### PROBLEM TO WORK ON
Could the listing below be returned exactly, with its pictures left out?

### DATA SHOWN
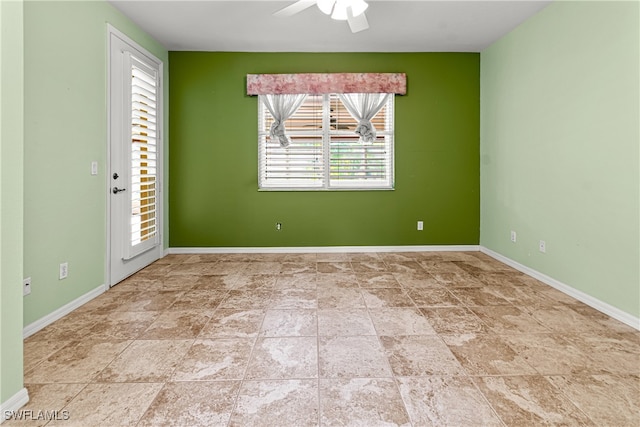 spare room featuring a wealth of natural light and ceiling fan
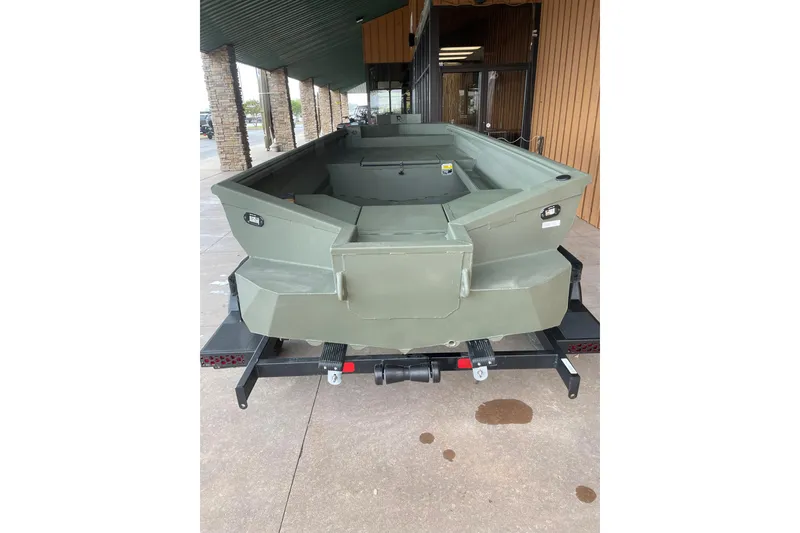 Slide: The Image of 2026 Reaper Boats 653 Timber Reaper, green hull, on trailer, outdoor display. - 8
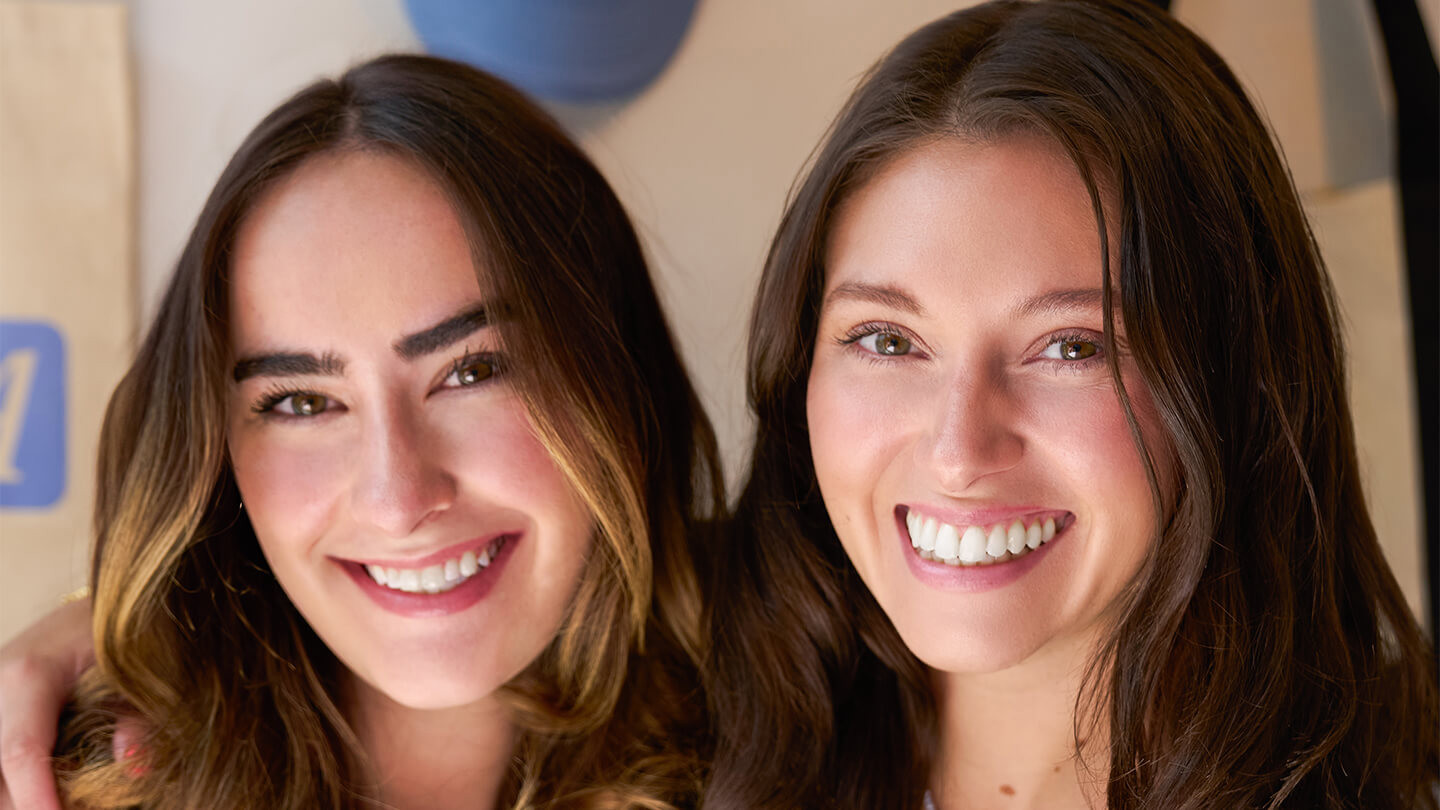 Two women smiling.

### ANSWER TO THIS EXERCISE
 spare room featuring a wealth of natural light and ceiling fan
 Slide: The Image of 2026 Reaper Boats 653 Timber Reaper, green hull, on trailer, outdoor display. - 8
 Two women smiling.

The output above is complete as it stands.